» WHAT IS EXPECTED:
Every line from the start of the entries up to and including the one bearing "The merging in" must be printed verbatim, without the pictures.

» ENTRIES SUPPLIED:
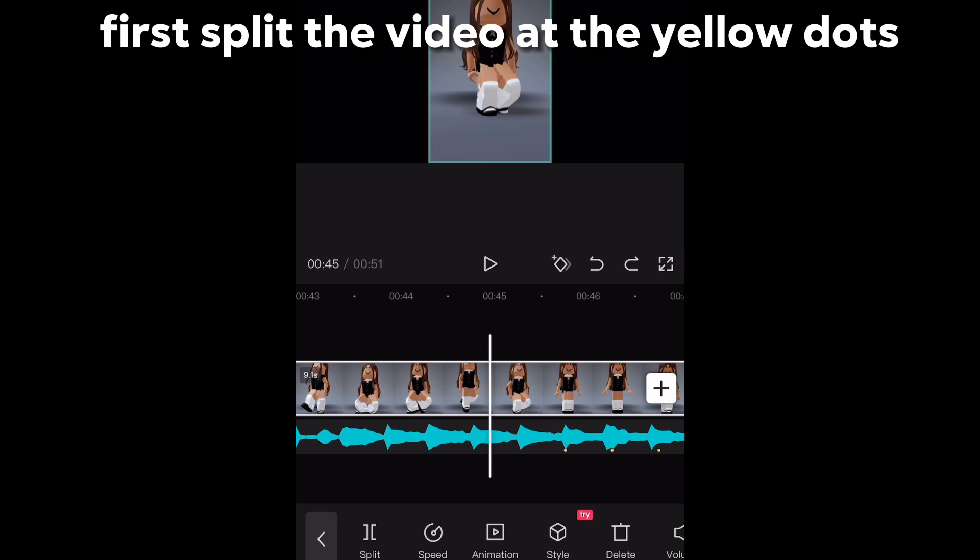Now see what I do. First split the video at the yellow dots.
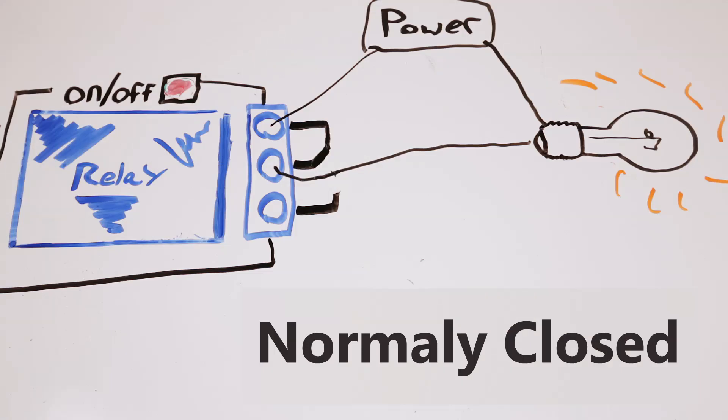So first I'm going to teach you about the normally closed configuration. As you can see, our light bulb wires are connected to the right most terminal and the center terminal. And as you can see, those are the ones that are default connected. So that means even if the Arduino or Raspberry Pi is not sending a signal to the relay and the relay is in its off position, the connection will remain and the light bulb will stay on.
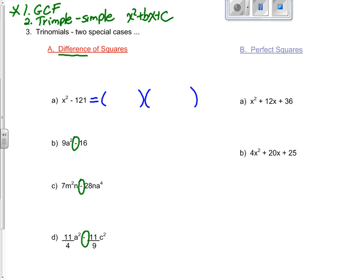For x squared minus 121, I am undoing FOIL. Remember it's really x squared plus 0x minus 121. For firsts, I need x and x. I need two numbers that multiply to 121 and add to 0 — if I have the same number in both cases, one positive and one negative, they multiply to 121 but add to 0. Difference of squares always gives one positive bracket and one negative bracket.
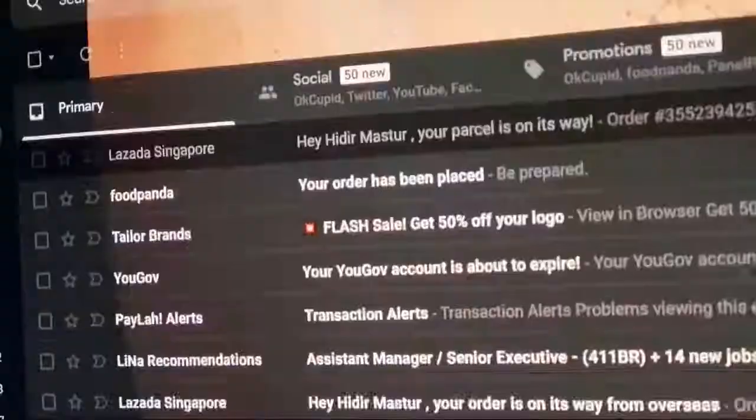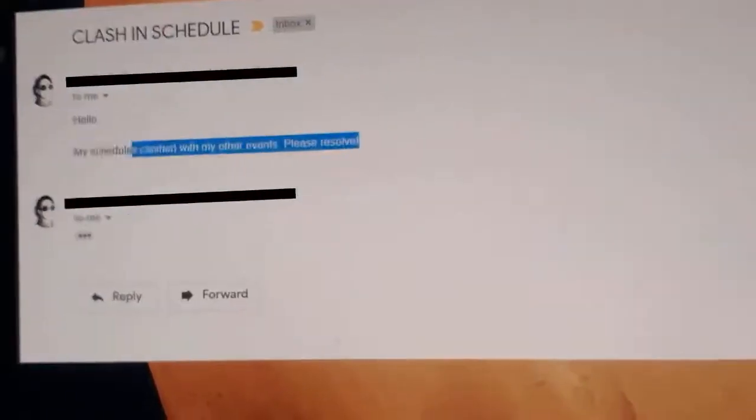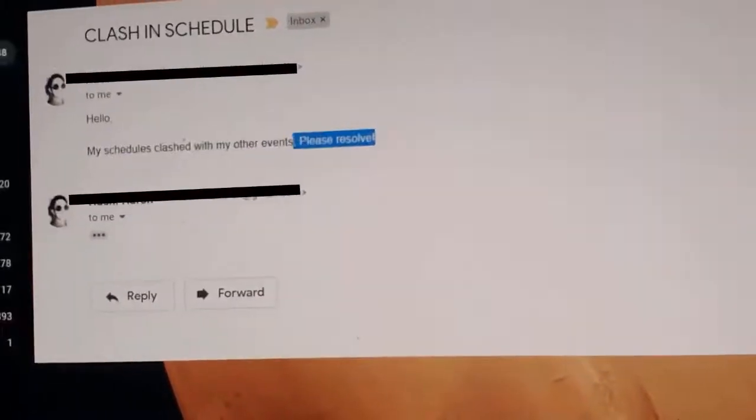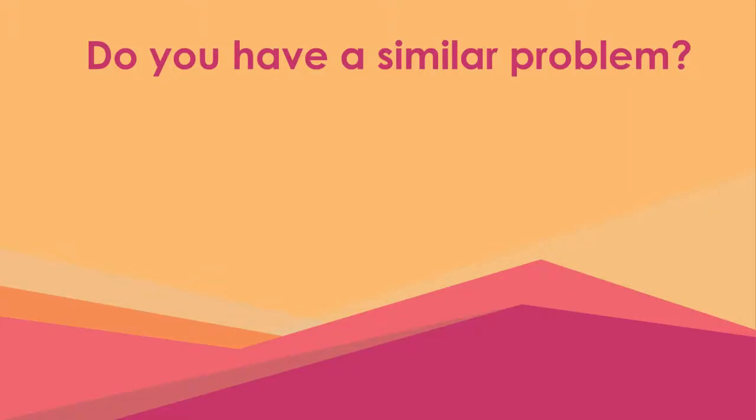Why am I assigned to two events at the same time? Does this problem exist in your system?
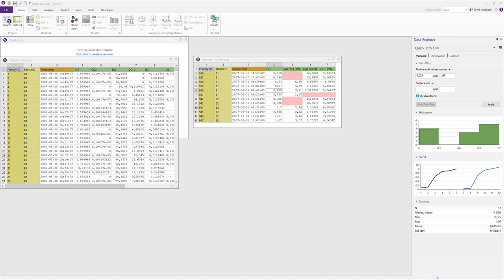The merging in SIMCA will delete the slave data set, so before merging it is recommended that you save a copy of your project. This is due to SIMCA not allowing the same observations to have values for the same variables in two places. So we start by clicking save.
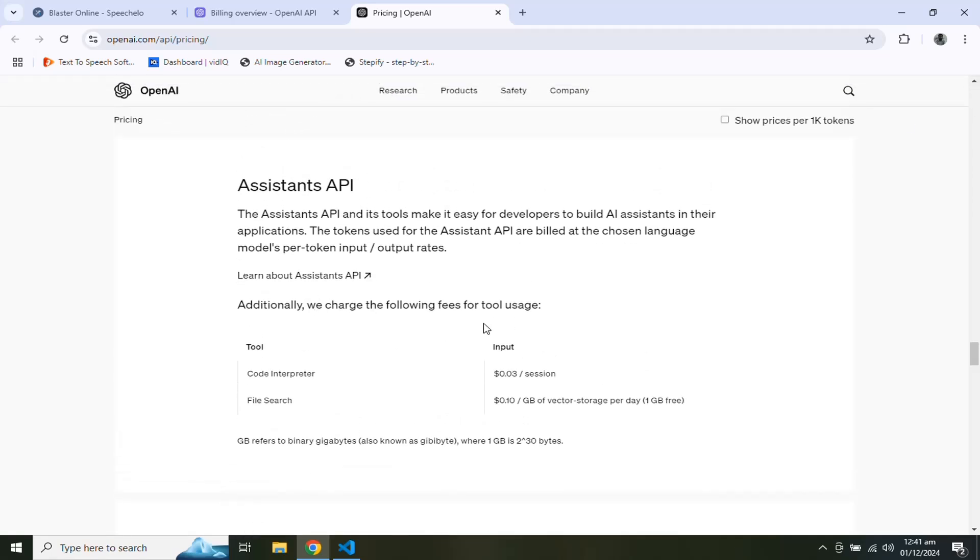If you want to know how to add balance in your account, you can watch my video about how to recharge your OpenAI account, because you need to purchase tokens to use them in chat or Assistant API.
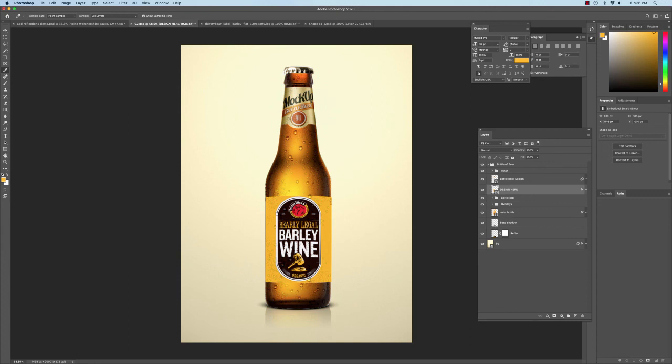And so that's how you're going to create your mockups of your actual beer labels using the mockup files that I supply you in Photoshop.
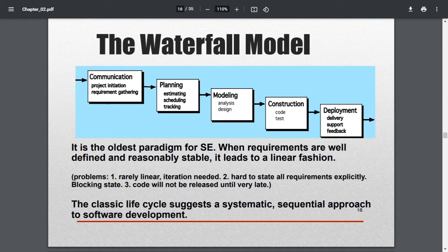Hello everyone. In this video we are going to see about the software process model. First of all we see the first model, which is the classical model, namely the waterfall model. As the name implies, water falls from top to bottom. Here the process of communication, planning, modeling, construction, and deployment goes down in a stream.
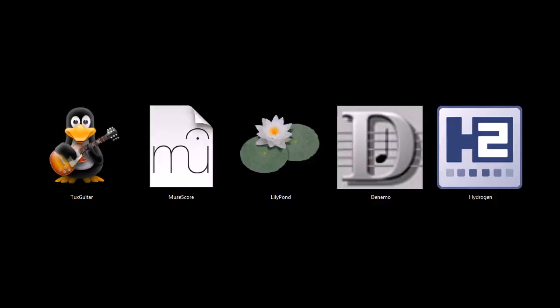This is TJ. In this video, I want to quickly go over five programs that are great tools for learning and composing sheet music on your computer.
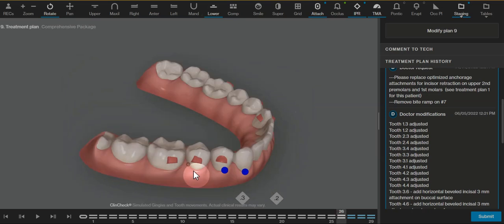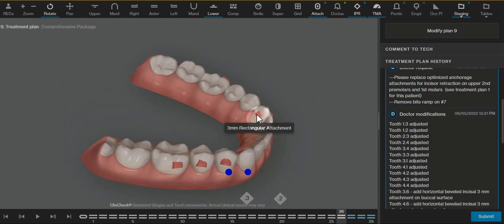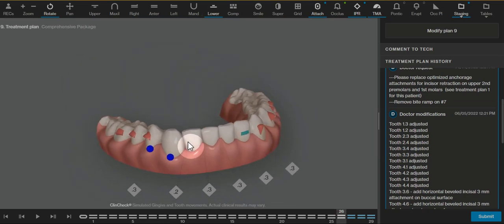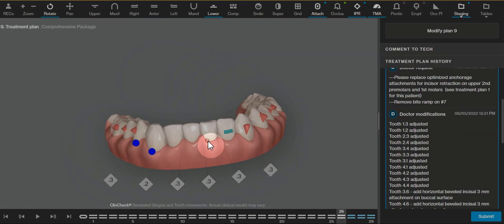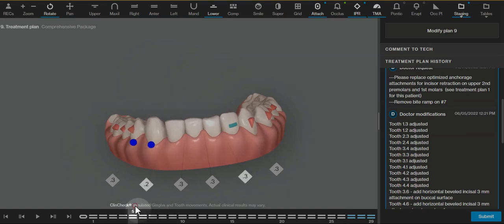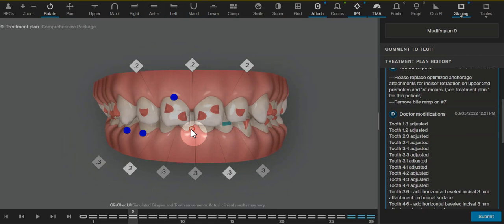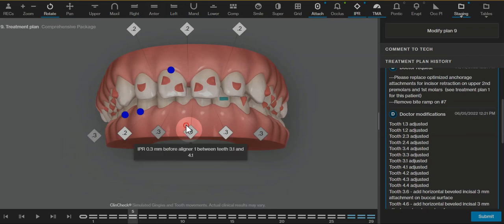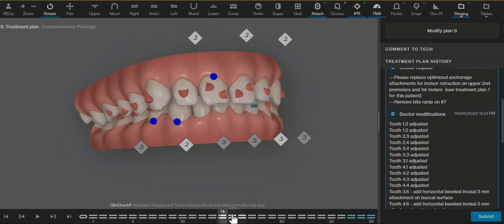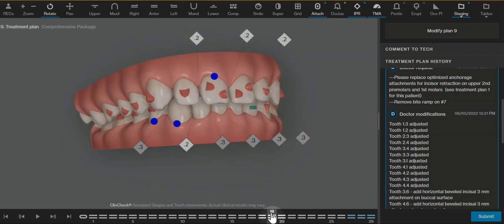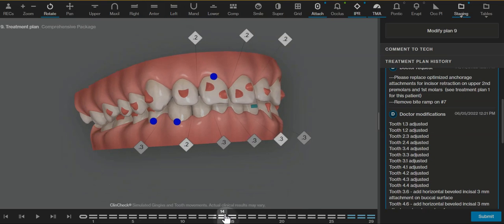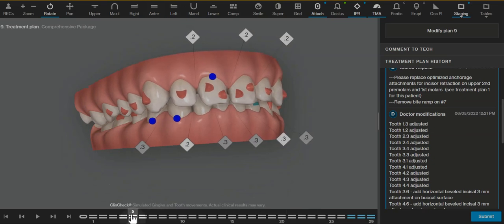Then we have Dr. Galler's secret sauce, which is the lingual canine attachment to help with that intrusion. I added a minimum amount of IPR to finish with the proper amount of overjet that I would feel comfortable with that wouldn't lead to an anterior interference. If you wanted to add more IPR, I think that's not a bad plan.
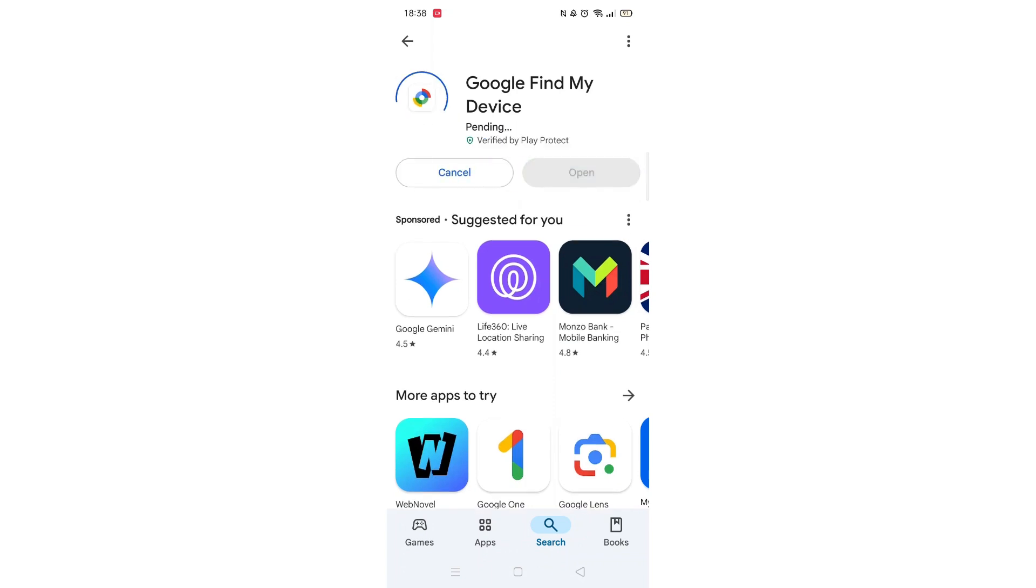Now click on the blue Install button. The app will now start downloading to your phone. This may take several minutes so hang tight.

» PROBLEM SOLUTION:
Now see what I do. First split the video at the yellow dots.
So first I'm going to teach you about the normally closed configuration. As you can see, our light bulb wires are connected to the right most terminal and the center terminal. And as you can see, those are the ones that are default connected. So that means even if the Arduino or Raspberry Pi is not sending a signal to the relay and the relay is in its off position, the connection will remain and the light bulb will stay on.
For x squared minus 121, I am undoing FOIL. Remember it's really x squared plus 0x minus 121. For firsts, I need x and x. I need two numbers that multiply to 121 and add to 0 — if I have the same number in both cases, one positive and one negative, they multiply to 121 but add to 0. Difference of squares always gives one positive bracket and one negative bracket.
Why am I assigned to two events at the same time? Does this problem exist in your system?
The merging in SIMCA will delete the slave data set, so before merging it is recommended that you save a copy of your project. This is due to SIMCA not allowing the same observations to have values for the same variables in two places. So we start by clicking save.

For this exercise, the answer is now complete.